Lamunan Vania buyar mendengar ketukan. "Permisi Bu," ucapnya sambil tersenyum sungkan.



"Ada apa, Sandra?" tanya Vania pada anak perempuan yang kini mendaratkan bokongnya di kursi di depannya.



"Hmm... Buk, Bayu dan Angga berantem lagi."



"Di mana?"



"Di dalam kelas, Bu." jawab Sandra dengan jujur ,lalu mengikuti langkah Vania keluar dari ruang BK.



Di jalan menuju kelas Sandra, langkah Vania terhenti karna panggilan Sandra.



"Bu, jangan bilang pada siapa pun kalau saya yang mengadu ya.." mohon anak itu yang di angguki Vania, lalu melanjutkan langkah pada kelas Bayu dan Angga di mana juga itu kelas Sandra.



"Saya tadi keluar kelas izinnya mau antar tugas, jadi Bu Vania jalan aja sampai ke kelas sendiri." ujar Sandra dengan langkah melambat.



"Brengsek! Ngaku aja sahabat tapi nyatanya lo jadi duri di hubungan kami!" Teriakan di dalam kelas itu semakin membuat Vania berjalan dengan cepat.



"Maksud lo apa sih? Gue ngga pernah jadi duri di hubungan lo!"



"Tampang sok polos ini nih buat gue ngga percaya dengan persahabatan yang katanya normal itu!"



"Maksud lo?"



"Cih... Sok ngga tahu lagi, dari cara lo melihat Lani udah kelihatan kalau lo itu suka sama dia."
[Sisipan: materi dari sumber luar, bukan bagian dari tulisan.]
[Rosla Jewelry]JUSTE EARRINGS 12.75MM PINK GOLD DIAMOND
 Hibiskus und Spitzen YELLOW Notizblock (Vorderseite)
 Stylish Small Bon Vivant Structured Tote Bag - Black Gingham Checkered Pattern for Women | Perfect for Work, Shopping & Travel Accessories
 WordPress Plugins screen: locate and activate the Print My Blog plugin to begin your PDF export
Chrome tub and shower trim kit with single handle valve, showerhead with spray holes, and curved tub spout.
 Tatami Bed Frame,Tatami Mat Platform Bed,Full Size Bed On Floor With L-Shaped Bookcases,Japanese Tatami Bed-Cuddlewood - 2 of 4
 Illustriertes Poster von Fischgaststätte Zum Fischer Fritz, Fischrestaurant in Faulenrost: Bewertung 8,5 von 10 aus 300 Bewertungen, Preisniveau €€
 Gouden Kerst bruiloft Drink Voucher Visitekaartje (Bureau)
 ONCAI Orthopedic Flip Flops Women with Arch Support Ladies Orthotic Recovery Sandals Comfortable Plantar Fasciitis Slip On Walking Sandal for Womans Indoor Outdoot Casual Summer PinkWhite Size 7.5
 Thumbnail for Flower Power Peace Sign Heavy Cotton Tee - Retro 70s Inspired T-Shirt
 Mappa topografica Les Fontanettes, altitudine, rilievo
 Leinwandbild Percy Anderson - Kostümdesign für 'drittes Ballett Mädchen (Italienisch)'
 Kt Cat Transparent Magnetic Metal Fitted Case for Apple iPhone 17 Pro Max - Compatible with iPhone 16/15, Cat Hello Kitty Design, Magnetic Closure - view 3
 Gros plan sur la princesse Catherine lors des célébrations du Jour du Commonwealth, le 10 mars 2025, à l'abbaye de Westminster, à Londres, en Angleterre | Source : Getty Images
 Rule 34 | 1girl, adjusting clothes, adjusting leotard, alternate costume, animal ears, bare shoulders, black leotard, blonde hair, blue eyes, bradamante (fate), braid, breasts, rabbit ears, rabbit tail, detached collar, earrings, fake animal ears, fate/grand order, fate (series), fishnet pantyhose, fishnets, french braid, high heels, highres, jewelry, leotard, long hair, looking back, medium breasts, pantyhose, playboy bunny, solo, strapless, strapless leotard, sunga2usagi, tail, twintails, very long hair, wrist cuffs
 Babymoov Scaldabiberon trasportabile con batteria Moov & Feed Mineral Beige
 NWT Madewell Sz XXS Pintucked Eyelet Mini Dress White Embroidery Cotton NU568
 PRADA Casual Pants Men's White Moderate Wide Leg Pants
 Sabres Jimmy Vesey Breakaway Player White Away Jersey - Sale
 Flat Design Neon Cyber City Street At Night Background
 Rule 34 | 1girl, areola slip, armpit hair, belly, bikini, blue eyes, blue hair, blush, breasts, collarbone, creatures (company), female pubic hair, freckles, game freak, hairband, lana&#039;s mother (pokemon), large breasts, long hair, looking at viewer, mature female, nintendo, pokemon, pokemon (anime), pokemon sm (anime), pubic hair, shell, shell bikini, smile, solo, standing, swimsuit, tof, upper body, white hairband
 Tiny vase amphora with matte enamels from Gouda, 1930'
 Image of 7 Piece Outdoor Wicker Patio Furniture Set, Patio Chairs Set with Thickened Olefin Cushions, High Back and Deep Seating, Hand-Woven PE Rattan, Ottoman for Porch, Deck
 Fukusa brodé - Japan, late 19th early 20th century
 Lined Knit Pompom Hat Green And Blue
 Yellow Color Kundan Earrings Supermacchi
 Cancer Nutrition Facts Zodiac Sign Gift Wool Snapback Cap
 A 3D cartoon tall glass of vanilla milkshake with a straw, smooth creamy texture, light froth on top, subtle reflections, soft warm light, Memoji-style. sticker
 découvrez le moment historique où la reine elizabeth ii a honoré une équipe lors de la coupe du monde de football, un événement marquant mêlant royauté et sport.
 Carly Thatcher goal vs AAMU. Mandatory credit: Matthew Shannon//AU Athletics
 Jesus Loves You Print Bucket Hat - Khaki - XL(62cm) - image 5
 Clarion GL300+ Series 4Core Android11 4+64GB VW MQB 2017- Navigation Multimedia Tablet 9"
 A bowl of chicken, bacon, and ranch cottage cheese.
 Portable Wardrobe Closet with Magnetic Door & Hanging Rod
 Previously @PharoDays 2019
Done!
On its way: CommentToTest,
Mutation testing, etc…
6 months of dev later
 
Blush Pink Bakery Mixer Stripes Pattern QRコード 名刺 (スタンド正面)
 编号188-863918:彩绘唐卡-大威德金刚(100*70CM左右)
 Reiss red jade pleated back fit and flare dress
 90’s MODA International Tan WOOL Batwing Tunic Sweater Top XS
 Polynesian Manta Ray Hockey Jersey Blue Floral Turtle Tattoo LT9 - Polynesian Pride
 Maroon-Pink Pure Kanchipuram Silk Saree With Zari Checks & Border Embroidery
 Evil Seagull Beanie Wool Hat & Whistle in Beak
Vania akhirnya sampai di depan pintu kelas yang tertutup tidak lagi mendengar suara apa pun dan hal itu membuatnya semakin khawatir.



"Munafik! Ngaku aja apa susahnya, ha?! Mau lo menyangkal bagaimanapun mata semua kelas ngga buta melihat perhatian lo ke pacar gue selama ini!"



Vania membuka pintu itu dengan kasar dan murid yang melihatnya kaget lalu berjalan menuju tempat duduk masing-masing. Sementara dua murid laki-laki itu masing berdiri di tempat yang sama tanpa ada yang mau mengalah.



"Kalian yang di luar kembali ke kelas masing-masing!"



"Dan kamu juga kamu! Duduk ke tempat kalian!" perintah Vania lagi setelah benar-benar duduk di kursinya, lalu tanpa sengaja matanya kembali melihat ada seseorang murid yang masih berdiri luar lebih tepatnya di depan kaca.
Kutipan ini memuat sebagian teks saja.